In particular, the running shoe industry has outperformed other types of athletic footwear over the past year and a half, according to Matt Powell, senior industry advisor at NPD Group. As more and more dollars pour into the category, brands like Under Armor and Puma are paying more attention to racing than ever before. Allbirds launched a running shoe in April 2020, another vote of confidence in space.
“Until the pandemic, running hadn’t been very good for about eight years,” Powell said. “But there’s no question that more and more people are running. Whenever we’ve had times with a lot of people out of work, we always see running shoes, or running as an activity, coming back to life. “
Hoka’s latest financial results are proof of this change. Although the brand also sells hiking boots and sandals, it is known for its wide assortment of running shoes. Hoka’s revenue in the three-month period ended June 30 jumped 95% to $ 213.1 million from $ 109 million a year earlier. (Deckers sales increased 78% to $ 504.7 million in the same period.)
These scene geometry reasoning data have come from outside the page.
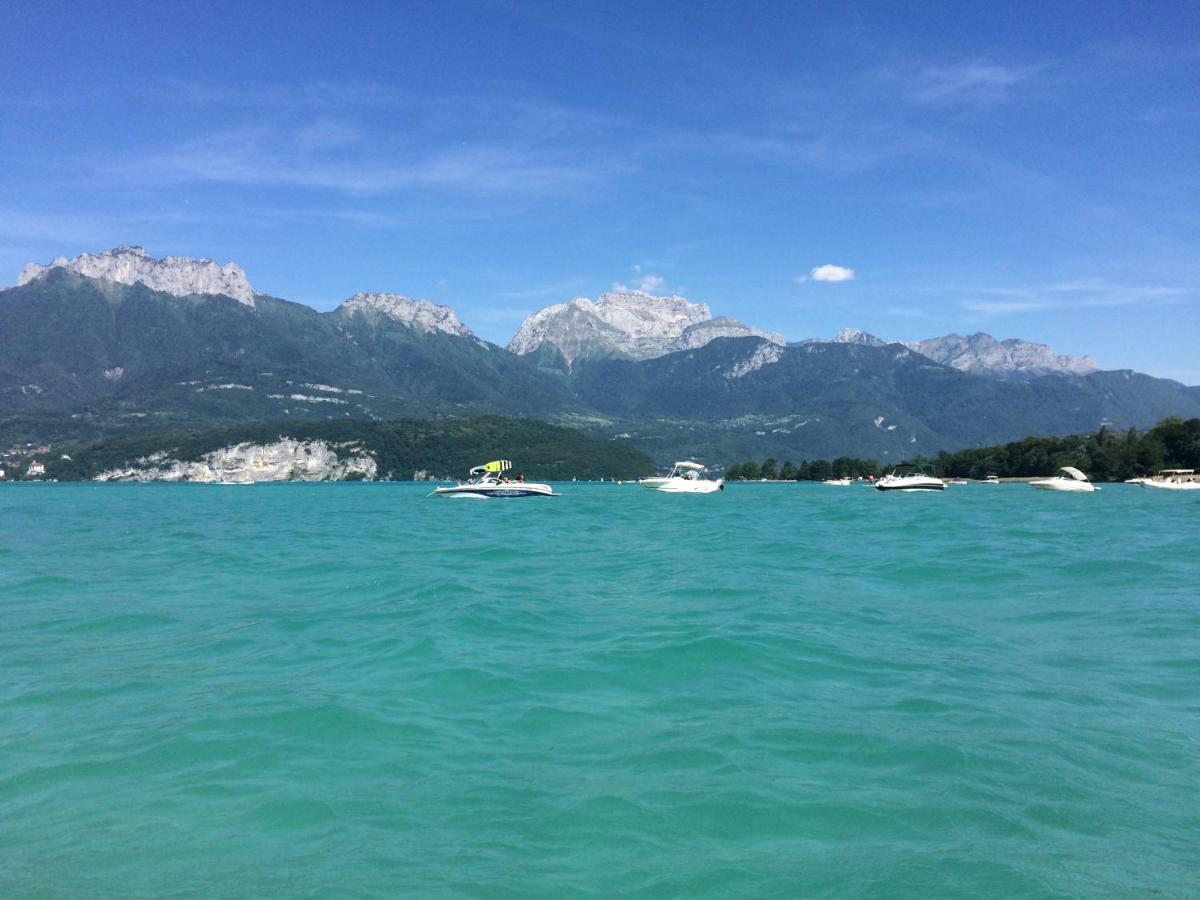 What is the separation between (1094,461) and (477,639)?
554 ft

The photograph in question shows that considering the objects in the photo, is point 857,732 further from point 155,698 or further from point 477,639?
point 155,698

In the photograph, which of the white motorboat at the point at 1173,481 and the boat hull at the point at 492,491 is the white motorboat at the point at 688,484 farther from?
the white motorboat at the point at 1173,481

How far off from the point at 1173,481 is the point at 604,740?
141747 millimetres

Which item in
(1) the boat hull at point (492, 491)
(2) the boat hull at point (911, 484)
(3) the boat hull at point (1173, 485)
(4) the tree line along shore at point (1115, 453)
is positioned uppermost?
(4) the tree line along shore at point (1115, 453)

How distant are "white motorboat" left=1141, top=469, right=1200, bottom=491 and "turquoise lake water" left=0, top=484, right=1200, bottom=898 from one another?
116 metres

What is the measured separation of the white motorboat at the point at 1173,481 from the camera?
384 ft

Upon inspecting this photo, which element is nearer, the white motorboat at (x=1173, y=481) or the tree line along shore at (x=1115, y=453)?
the white motorboat at (x=1173, y=481)

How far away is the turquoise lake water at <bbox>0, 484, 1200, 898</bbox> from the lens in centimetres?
707

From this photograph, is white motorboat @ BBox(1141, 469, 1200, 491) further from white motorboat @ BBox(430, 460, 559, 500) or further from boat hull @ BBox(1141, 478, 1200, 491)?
white motorboat @ BBox(430, 460, 559, 500)

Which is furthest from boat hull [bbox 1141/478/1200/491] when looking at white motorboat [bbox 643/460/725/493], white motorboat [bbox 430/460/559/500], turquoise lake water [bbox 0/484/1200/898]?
turquoise lake water [bbox 0/484/1200/898]

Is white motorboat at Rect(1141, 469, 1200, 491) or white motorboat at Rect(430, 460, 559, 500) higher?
white motorboat at Rect(1141, 469, 1200, 491)

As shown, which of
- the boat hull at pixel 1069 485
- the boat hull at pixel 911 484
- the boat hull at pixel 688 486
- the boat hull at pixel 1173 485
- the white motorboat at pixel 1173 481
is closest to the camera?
the boat hull at pixel 1069 485

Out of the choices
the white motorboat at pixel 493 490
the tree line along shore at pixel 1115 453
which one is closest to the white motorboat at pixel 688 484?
the white motorboat at pixel 493 490

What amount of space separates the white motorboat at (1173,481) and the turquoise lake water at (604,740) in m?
116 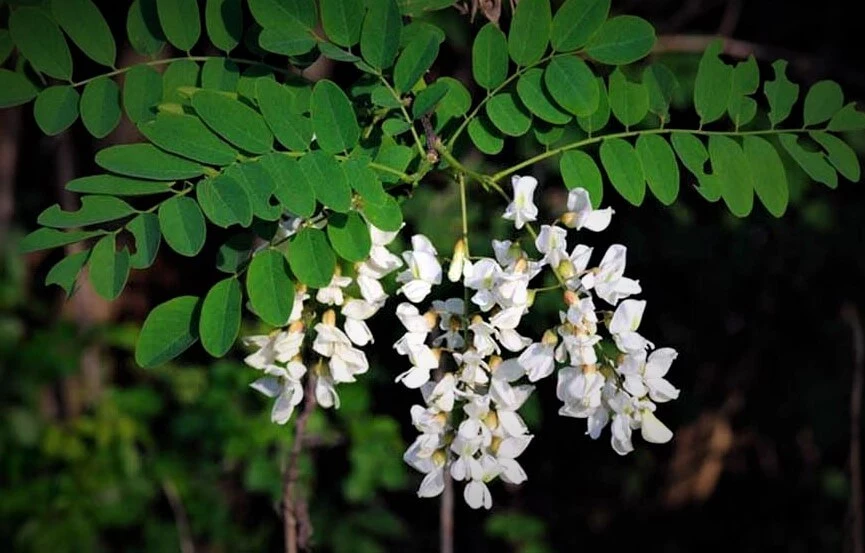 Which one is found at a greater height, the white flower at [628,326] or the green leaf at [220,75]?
the green leaf at [220,75]

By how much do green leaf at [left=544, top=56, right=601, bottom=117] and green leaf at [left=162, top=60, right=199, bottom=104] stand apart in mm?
336

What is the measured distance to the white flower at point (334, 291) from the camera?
96 centimetres

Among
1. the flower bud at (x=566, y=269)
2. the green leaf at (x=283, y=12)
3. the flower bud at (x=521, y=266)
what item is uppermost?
the green leaf at (x=283, y=12)

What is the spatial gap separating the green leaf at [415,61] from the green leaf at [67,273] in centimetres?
31

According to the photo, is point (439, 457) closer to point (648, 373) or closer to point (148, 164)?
point (648, 373)

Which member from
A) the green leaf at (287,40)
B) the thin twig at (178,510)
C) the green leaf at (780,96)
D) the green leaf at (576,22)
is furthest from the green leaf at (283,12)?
the thin twig at (178,510)

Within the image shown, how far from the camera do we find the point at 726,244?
241 centimetres

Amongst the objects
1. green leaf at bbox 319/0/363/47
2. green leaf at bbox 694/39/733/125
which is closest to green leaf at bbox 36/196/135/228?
green leaf at bbox 319/0/363/47

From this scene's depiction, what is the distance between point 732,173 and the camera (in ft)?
3.41

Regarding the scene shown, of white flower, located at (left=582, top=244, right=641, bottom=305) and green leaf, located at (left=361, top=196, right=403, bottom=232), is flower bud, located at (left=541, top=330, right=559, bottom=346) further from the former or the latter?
green leaf, located at (left=361, top=196, right=403, bottom=232)

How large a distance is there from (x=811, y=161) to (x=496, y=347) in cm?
39

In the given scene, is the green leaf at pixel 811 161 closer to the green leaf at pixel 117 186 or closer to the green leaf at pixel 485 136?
the green leaf at pixel 485 136

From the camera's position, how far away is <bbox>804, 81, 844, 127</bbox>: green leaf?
111 centimetres

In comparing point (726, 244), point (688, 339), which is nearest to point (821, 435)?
point (688, 339) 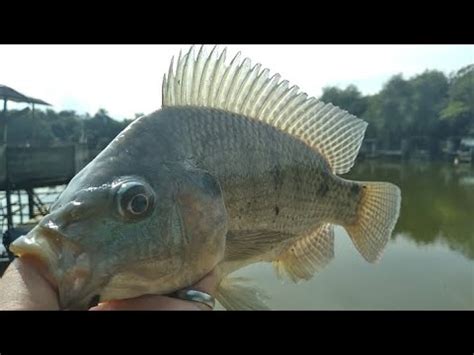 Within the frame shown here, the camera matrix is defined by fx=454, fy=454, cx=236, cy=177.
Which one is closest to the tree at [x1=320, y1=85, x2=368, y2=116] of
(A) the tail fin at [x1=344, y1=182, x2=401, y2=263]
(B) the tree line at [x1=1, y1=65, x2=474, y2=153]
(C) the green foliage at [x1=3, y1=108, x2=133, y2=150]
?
(B) the tree line at [x1=1, y1=65, x2=474, y2=153]

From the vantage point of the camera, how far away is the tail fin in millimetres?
1789

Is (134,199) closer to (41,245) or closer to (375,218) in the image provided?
(41,245)

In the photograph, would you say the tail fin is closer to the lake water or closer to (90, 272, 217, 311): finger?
(90, 272, 217, 311): finger

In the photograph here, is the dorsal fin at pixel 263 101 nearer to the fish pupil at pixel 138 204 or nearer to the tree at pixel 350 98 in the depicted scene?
the fish pupil at pixel 138 204

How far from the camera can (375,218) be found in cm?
180

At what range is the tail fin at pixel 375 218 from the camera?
5.87 feet

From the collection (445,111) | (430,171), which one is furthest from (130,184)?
(445,111)

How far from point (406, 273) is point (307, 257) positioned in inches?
448

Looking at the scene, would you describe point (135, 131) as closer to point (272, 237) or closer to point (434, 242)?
point (272, 237)

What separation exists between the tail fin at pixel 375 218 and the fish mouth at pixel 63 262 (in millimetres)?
1123

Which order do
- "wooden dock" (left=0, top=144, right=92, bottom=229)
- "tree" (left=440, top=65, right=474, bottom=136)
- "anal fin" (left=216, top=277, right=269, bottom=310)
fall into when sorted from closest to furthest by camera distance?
1. "anal fin" (left=216, top=277, right=269, bottom=310)
2. "wooden dock" (left=0, top=144, right=92, bottom=229)
3. "tree" (left=440, top=65, right=474, bottom=136)

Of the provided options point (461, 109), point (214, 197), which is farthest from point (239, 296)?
point (461, 109)

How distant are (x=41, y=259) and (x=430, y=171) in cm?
3448

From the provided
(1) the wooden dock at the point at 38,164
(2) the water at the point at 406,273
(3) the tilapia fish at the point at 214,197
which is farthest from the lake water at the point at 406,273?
(1) the wooden dock at the point at 38,164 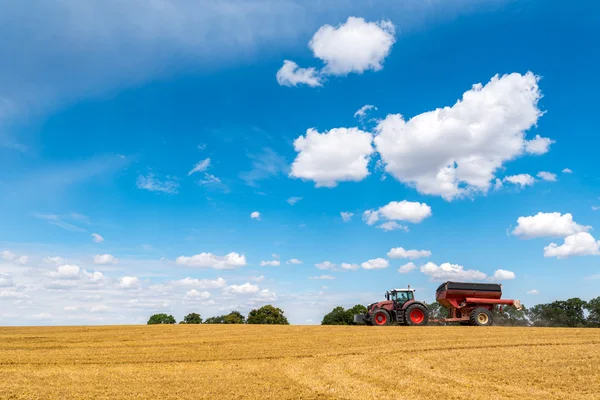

Hoka’s sales also impressively exceeded those of its sister brand Ugg for the first time in Deckers’ history, the company said when releasing its first quarter financial results.
“Five or six years ago, the only people who bought Hoka were the runners who knew about it,” Yang said. “They were the first to try this crazy new kind of shoe. But that’s not the case now.”
Young consumers are also increasingly buying running shoes as street wear, not necessarily for running, says Powell. And that should drive the category’s growth over the next few quarters, he said.
Sales of performance running shoes in the United States increased by about a third in the first half of the year, according to data from NPD Group. Hoka’s sales grew by around 90%, while On Running’s revenue tripled, the market research company said.
Deckers shares have risen about 47% year-to-date. The company has a market value of $ 11.7 billion.